▶ _The task_
All pictures are to be omitted while the lines starting at the line with "an antique brass" and ending at the line with "104 Twin Lakes" in the material below are retyped exactly, both ends included.

START Data extracts

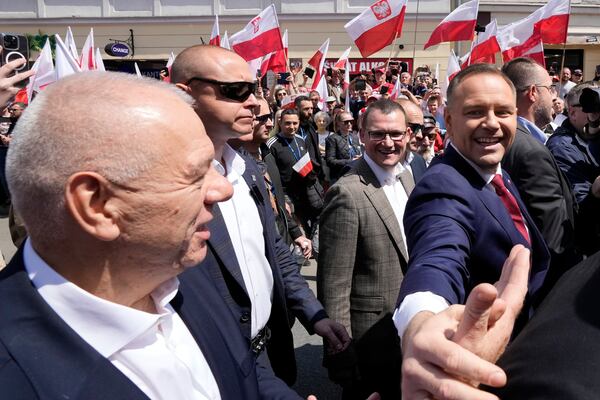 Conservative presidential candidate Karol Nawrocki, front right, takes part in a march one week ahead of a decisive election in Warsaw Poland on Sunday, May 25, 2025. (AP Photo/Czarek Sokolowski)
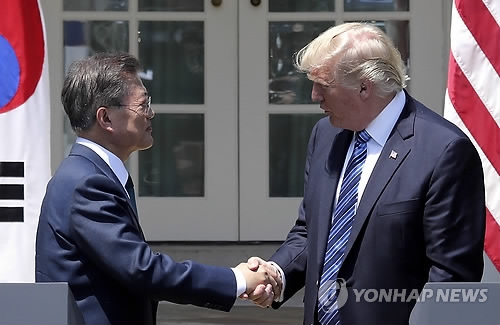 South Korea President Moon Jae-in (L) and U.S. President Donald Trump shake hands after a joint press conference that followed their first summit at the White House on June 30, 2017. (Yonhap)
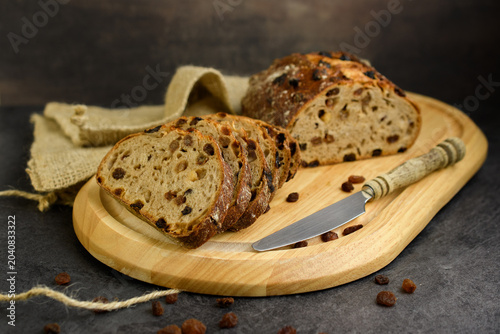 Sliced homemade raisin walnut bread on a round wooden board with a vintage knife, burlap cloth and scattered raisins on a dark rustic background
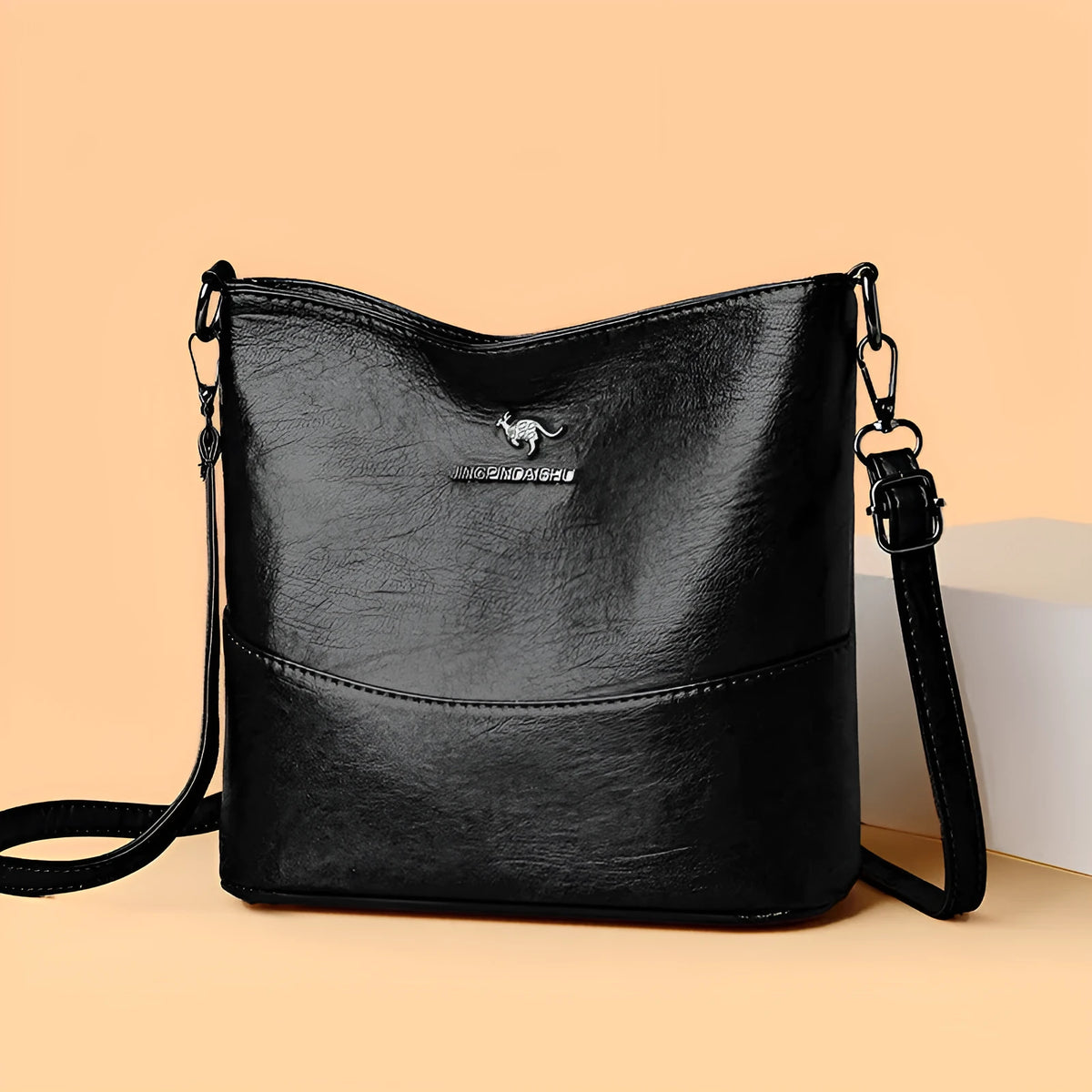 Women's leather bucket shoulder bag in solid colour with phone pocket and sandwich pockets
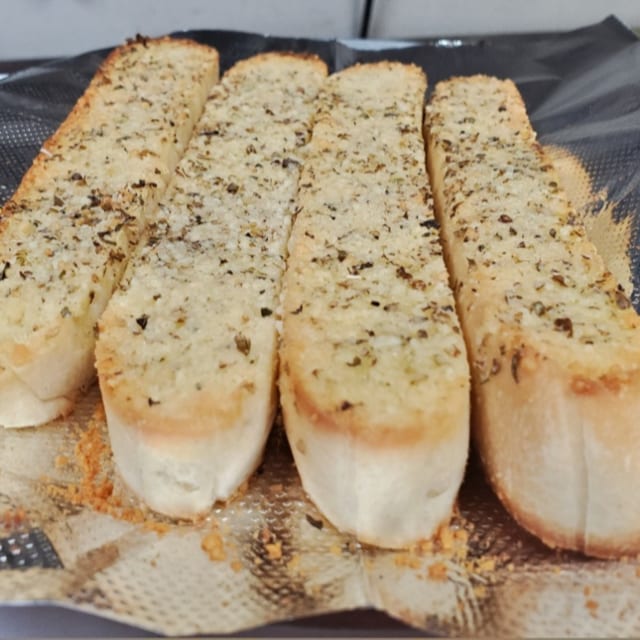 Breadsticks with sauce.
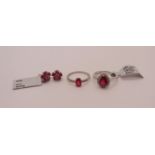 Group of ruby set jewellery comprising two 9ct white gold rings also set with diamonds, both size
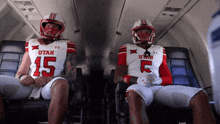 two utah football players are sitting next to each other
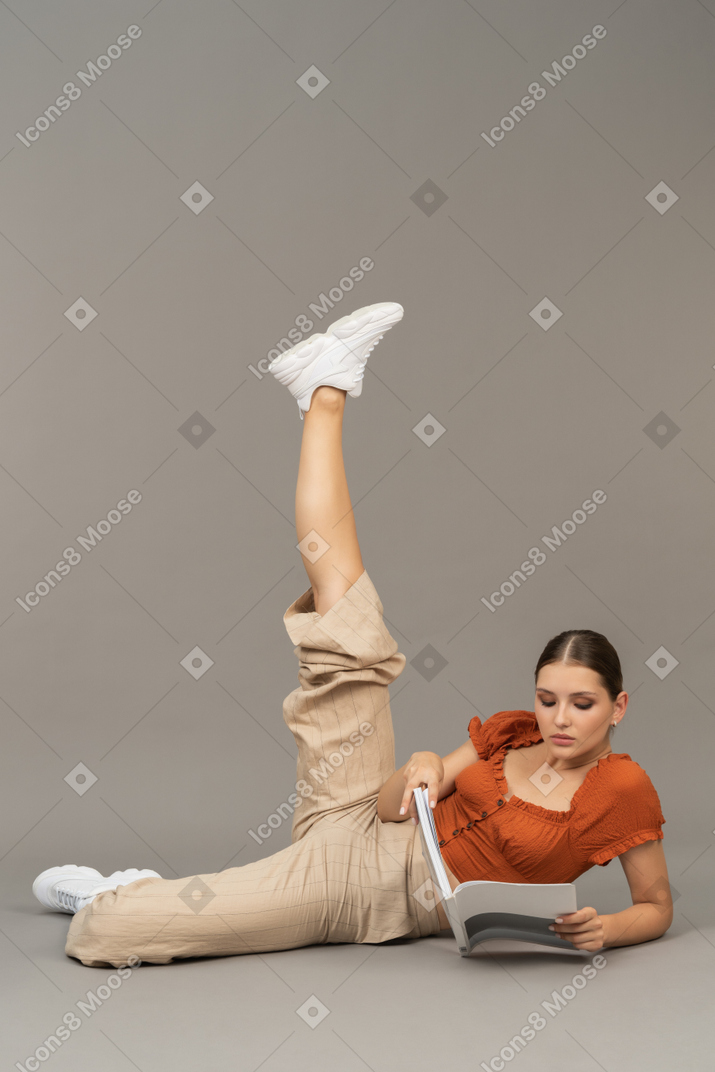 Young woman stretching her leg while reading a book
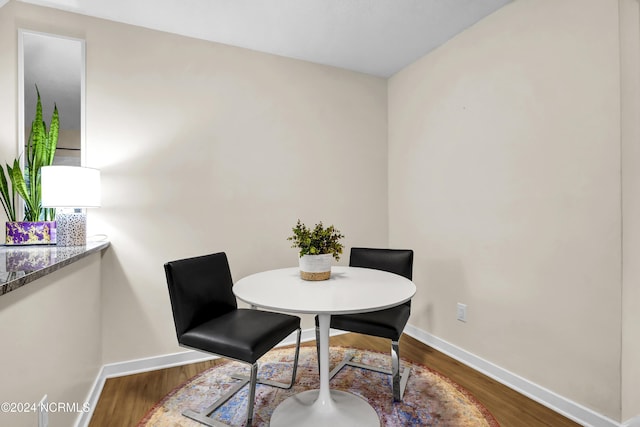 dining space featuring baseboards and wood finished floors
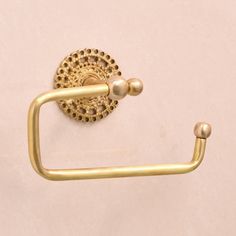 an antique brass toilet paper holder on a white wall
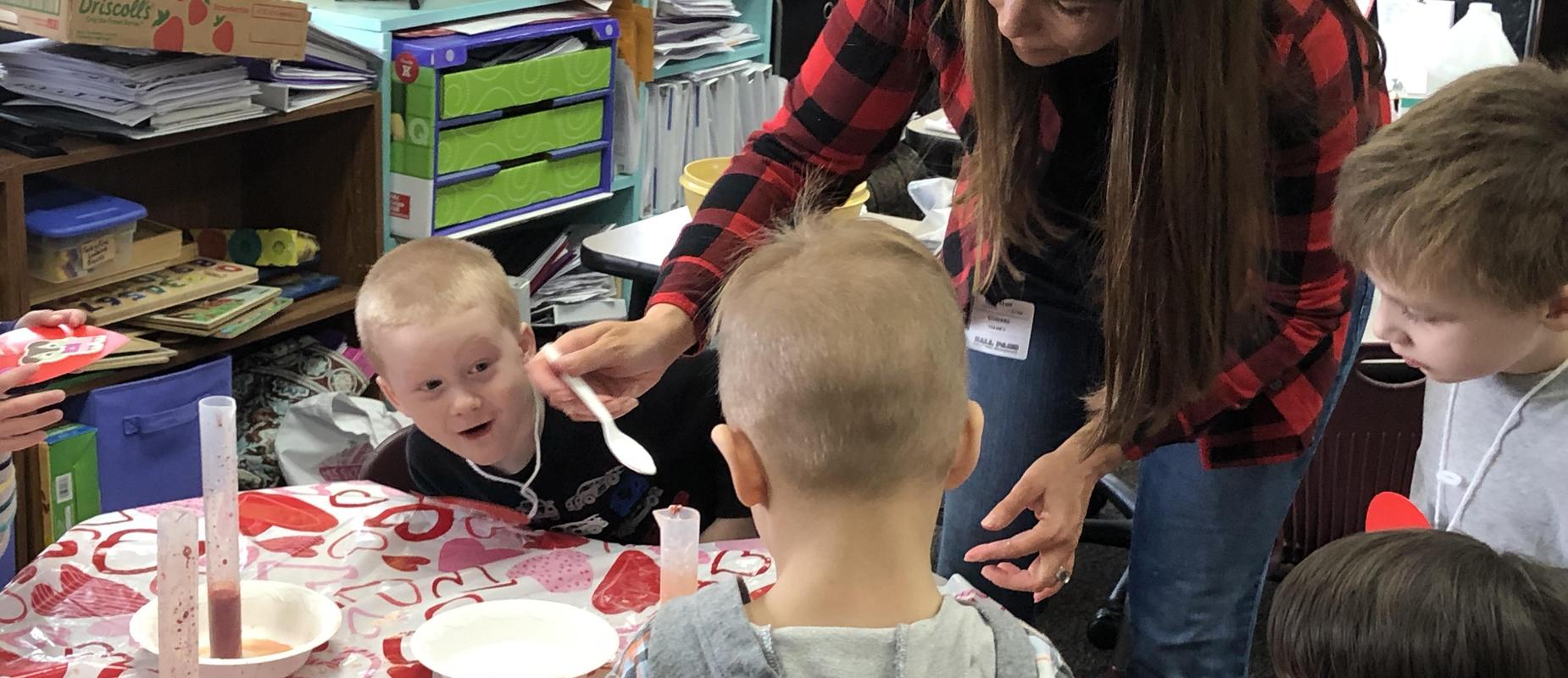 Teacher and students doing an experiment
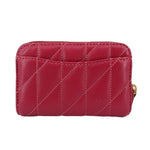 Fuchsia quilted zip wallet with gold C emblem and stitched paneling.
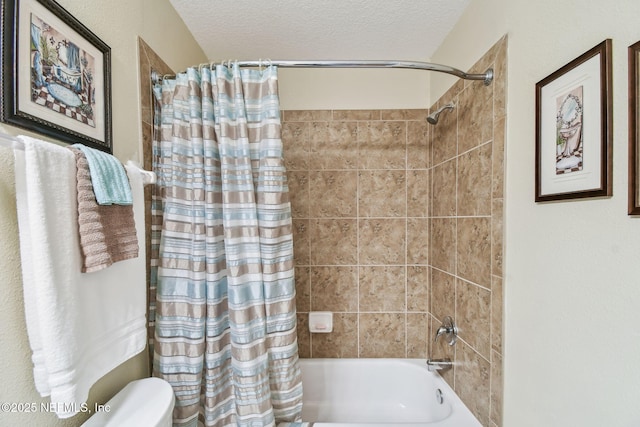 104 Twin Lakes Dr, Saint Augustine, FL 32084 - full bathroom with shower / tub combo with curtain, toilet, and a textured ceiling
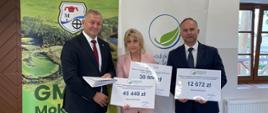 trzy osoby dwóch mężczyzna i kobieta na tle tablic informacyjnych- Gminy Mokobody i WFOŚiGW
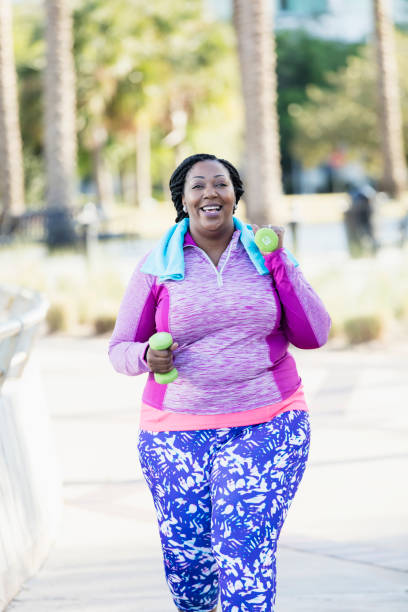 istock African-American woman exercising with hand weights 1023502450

END Data extracts

▶ _Finished exercise_
 an antique brass toilet paper holder on a white wall
 Teacher and students doing an experiment
 Fuchsia quilted zip wallet with gold C emblem and stitched paneling.
 104 Twin Lakes Dr, Saint Augustine, FL 32084 - full bathroom with shower / tub combo with curtain, toilet, and a textured ceiling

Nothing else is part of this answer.